Below this line are records; write out exactly the lines from the one containing "Hyundai i30 blue 1.6 GDI DCT Premium - 10" through the one containing "White Mountain Footwear", with the pictures left out.

◆ Records provided ◆

_ _ _ _

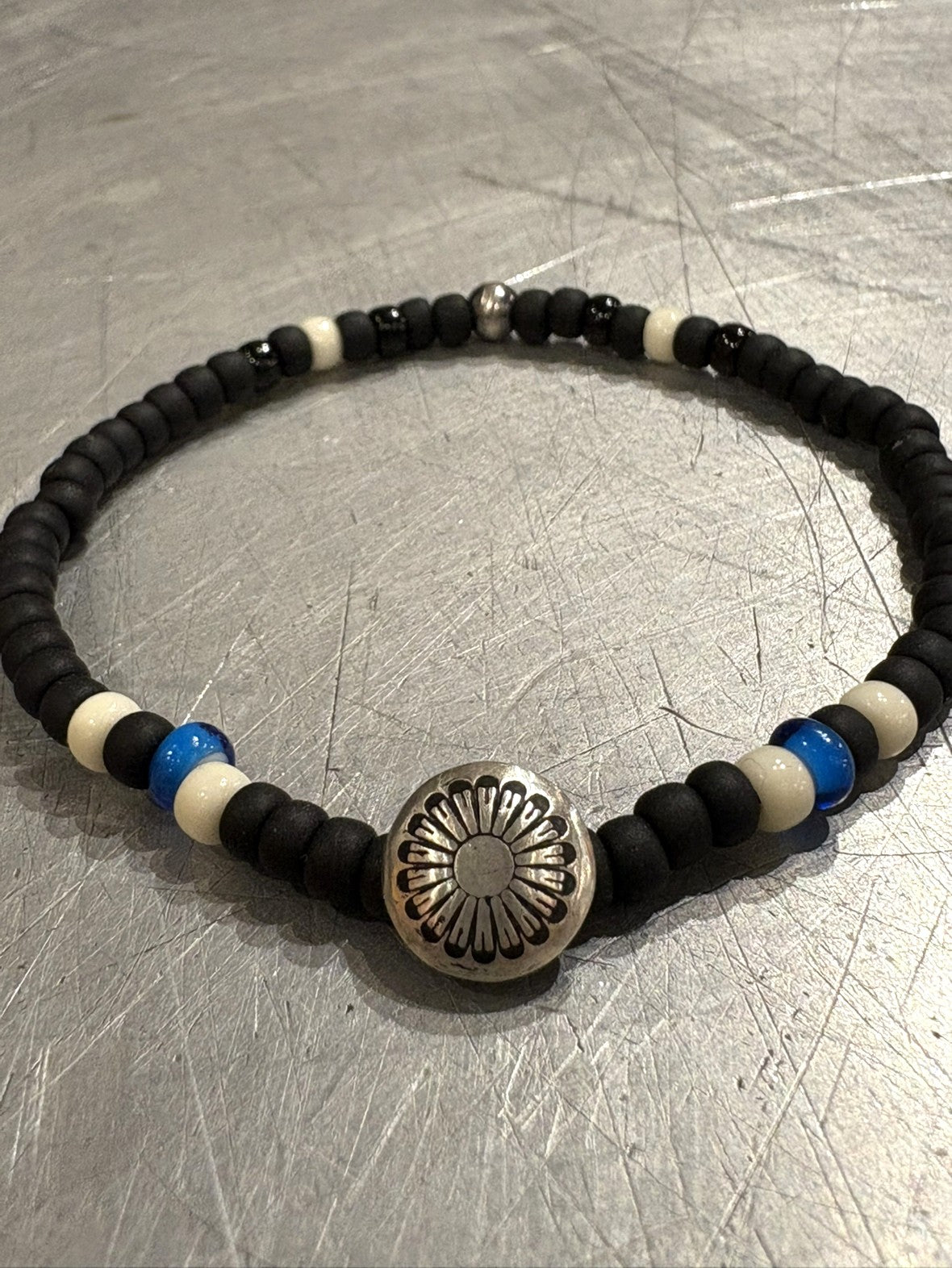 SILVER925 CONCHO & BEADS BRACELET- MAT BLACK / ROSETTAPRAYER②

_ _ _ _

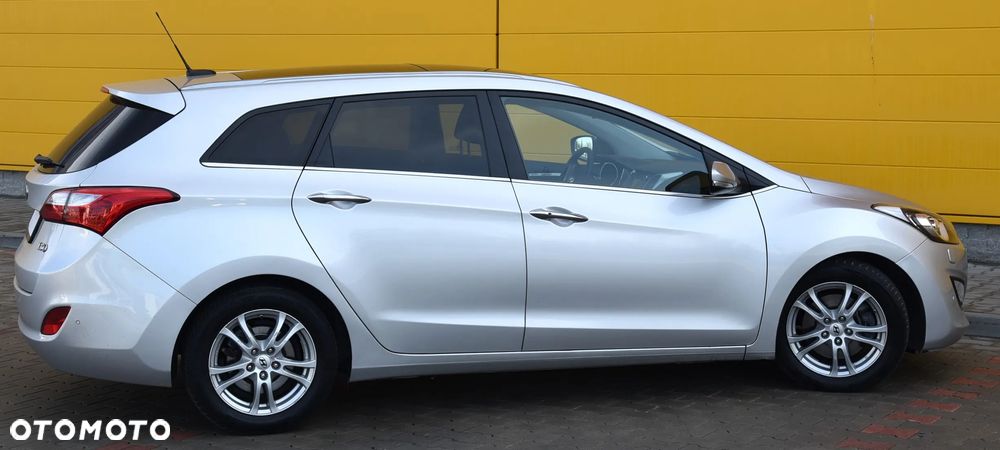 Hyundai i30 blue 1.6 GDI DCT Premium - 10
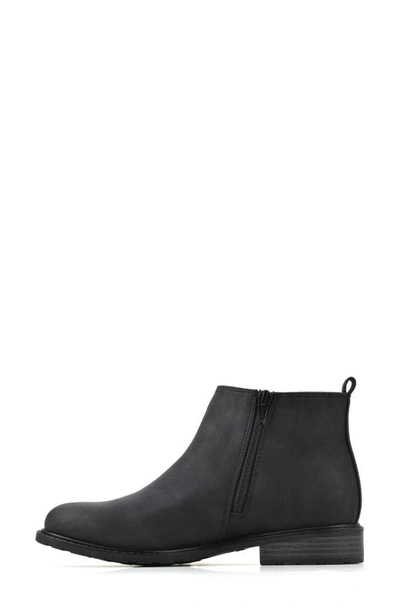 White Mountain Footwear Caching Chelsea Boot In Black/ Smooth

_ _ _ _

◆ Result for this exercise ◆
 Hyundai i30 blue 1.6 GDI DCT Premium - 10
 White Mountain Footwear Caching Chelsea Boot In Black/ Smooth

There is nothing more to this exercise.